Les heures qui suivirent ce discours furent l’occasion de débats enflammés sur la signification de son geste, sur la différenciation entre salut romain, fasciste et nazis ou encore sur le fait que Musk soit autiste. Or, là n’est pas le sujet aujourd’hui. Cet évènement est plutôt l’occasion de parler de dogwhistles.

La fin de la ségrégation et la Southern Strategy : quand le racisme se lance en sous-marin

Avec la fin des lois Jim Crow et la fin de la ségrégation légale des Afroraméricain·es dans les années 1960 est apparu une nouvelle opportunité électorale pour le parti Républicain. Jusqu’alors, le Sud des États-Unis (terme qui désigne les anciens états confédérés plus que le sud géographique) était un solide bastion démocrate. Le parti était alors partagé entre une aile plutôt libérale et une aile conservatrice ouvertement raciste. Mais le passage du Voting Rights Act de 1965 par un président démocrate, Lyndon B. Johnson, fut un point de rupture pour les électeurices démocrates blanc·hes su Sud. Une rupture visible dès l’élection présidentielle suivante où 5 États du Sud votèrent en majorité pour Georges Wallace, alors gouverneur de l’Alabama, élu comme démocrate mais qui avait quitté le parti du fait de son opposition à la déségrégation. Ces électeurices du Sud, largement motivé·es par leur racisme à l’égard des Afroaméricain·es et déçu·es par les Démocrates devenaient donc une cible de choix pour le parti Républicain. Le parti mit alors en place, sous l’impulsion, entre autres, de Barry Goldwater et de Richard Nixon sa Southern Strategy.

L’idée était basique, mais aussi compliquée : charmer les électeurices blanc·hes en faisant appel à leur racisme, mais le faire d’une manière qui n’était pas ouvertement raciste. En effet, les temps avaient changé et la négrophobie explicite n’était plus porteuse électoralement. Un sentiment crûment exprimé par Lee Atwater, stratégiste républicain au cœur de la Southern Strategy : « You start out in 1954 by saying, "nigger, nigger, nigger". By 1968, you can’t say "nigger", that hurt you. » (« Vous commencez en 1954 en disant "nègre, nègre, nègre". Mais en 1968, vous ne pouvez plus dire "nègre", ça vous fait du mal »).

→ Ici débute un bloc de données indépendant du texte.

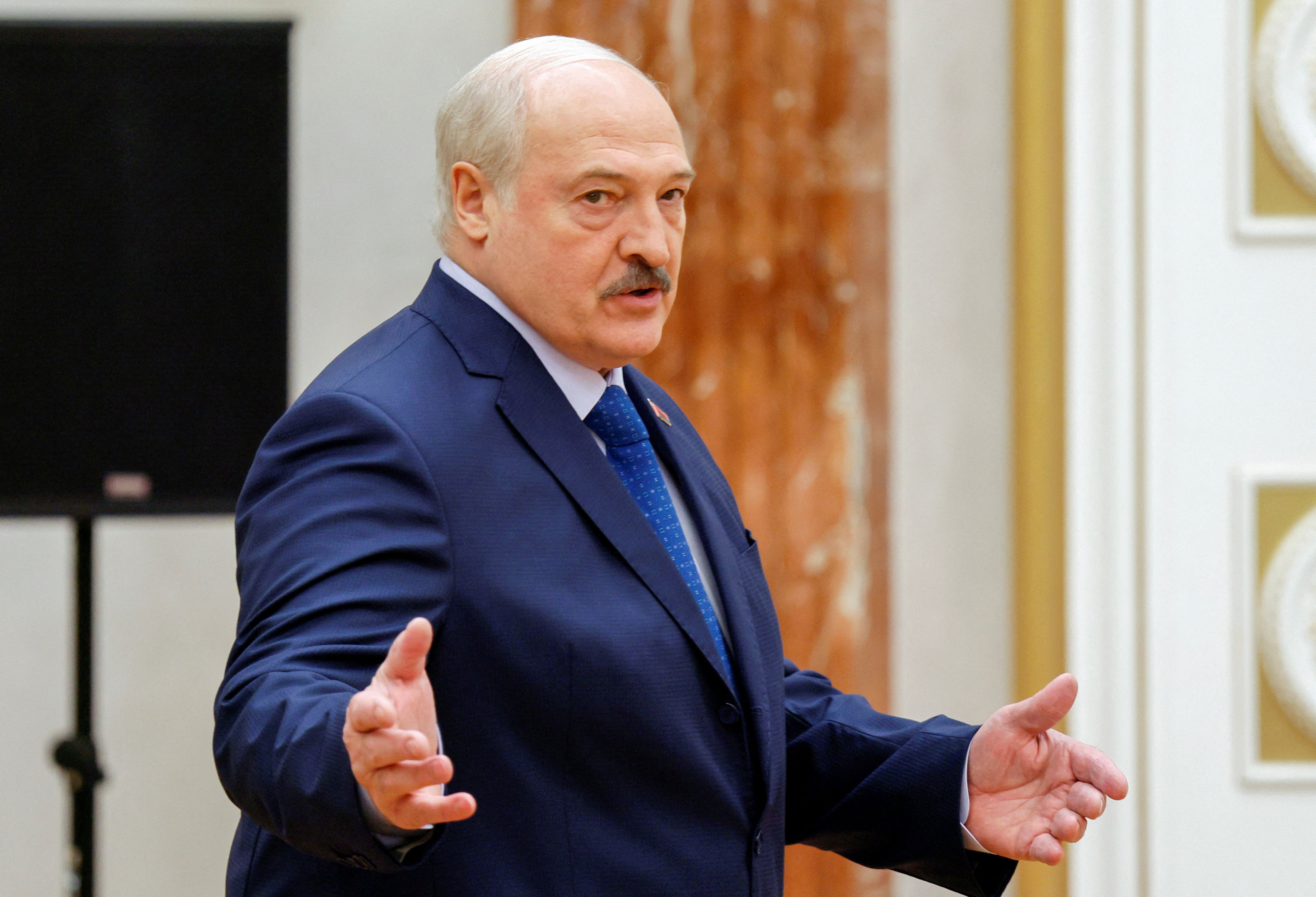 Belarusian president Alexander Lukashenko has been called ‘Europe’s last dictator’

Il fallut donc alors trouver, et distiller dans le discours public, des dogwhistles, sortes d’euphémismes portant une connotation potentiellement raciste sans pour autant l’exprimer explicitement. Et plus d’un de ces dogwhistles survivent aujourd’hui, comme « law and order » (« la loi et l’ordre ») ou « states’ rights » (« le droit des États »). Le premier était largement utilisé en référence aux manifestations (pour les droits civiques et contre la guerre du Vietnam) et aux drogues (associées à la fois à la culture hippie et pacifiste et aux Afroaméricain·es). Le second lui était invoqué à la place du soutien aux politiques ségrégationnistes, l’idée n’étant plus de soutenir ouvertement la ségrégation mais de soutenir le droit des États (ceux du Sud) à décider eux-mêmes de la loi chez eux (l’implémentation de nouvelles lois ségrégationnistes en l’occurrence).

Dans le contexte politique, les dogwhistles servent donc à exprimer des idées en dehors du champ des idées acceptables (souvent appelé Fenêtre d’Overton) d’une manière qui soit acceptable malgré tout. Par exemple, difficile dans les années 1980 de dire aux étasunien·nes qu’il faudrait limiter les programmes sociaux dont profitent des millions de personnes comme les chèques alimentaires. À la place, Reagan se proposait de lutter contre les welfare queens, ces mères célibataires, largement présentées, sans le dire, comme étant noires, aux myriades d’enfants vivant au crochet de la bonne société étasunienne blanche en abusant des programmes d’aides sociales. L’idée n’est pas nouvelle, ce qui est nouveau c’est la place centrale que prend ce dispositif dans la politique étasunienne sur certains sujets, notamment raciaux.

Et l’avantage suprême qu’offre cet implicite, c’est justement qu’il n’est qu’implicite. L’émetteurice du propos est donc au courant de l’idée qu’iel veut transmettre en utilisant son dogwhistle, de la même manière qu’iel sait qui va comprendre le message pour ce qu’il est. Mais iel garde la possibilité de nier le caractère potentiellement problématique du contenu du message car il n’est jamais explicité. Quand Nixon entame sa guerre contre la drogue, il le fait en sachant que cela va frapper principalement les communautés afro-américaines pauvres et le mouvement hippie et pacifiste, et c’est son objectif. Mais ça n’est jamais son message qui reste concentré sur le mantra du « law and order ». De la même manière, quand Reagan étend cette guerre contre la drogue, il choisit de punir nettement plus fortement la possession et l’usage de crack en comparaison à la punition liée à la cocaïne en poudre. Ces deux substances sont pourtant des dérivés l’une de l’autre, mais la cocaïne en poudre était perçue comme étant une drogue pour les blanc·hes et le crack une drogue pour les noir·es. C’est là le résultat des recommandations de Lee Atwater dans les années 60 : des politiques publiques qui ne parlent pas de race mais dont on sait qu’elles auront un impact disproportionné contre les personnes noires. Autrement dit, un discours public qui maquille son racisme avec des images abstraites, des dogwhistles, pour promouvoir des politiques dont le contenu n’est pas explicitement raciste mais qui sont pensées pour avoir des effets racistes.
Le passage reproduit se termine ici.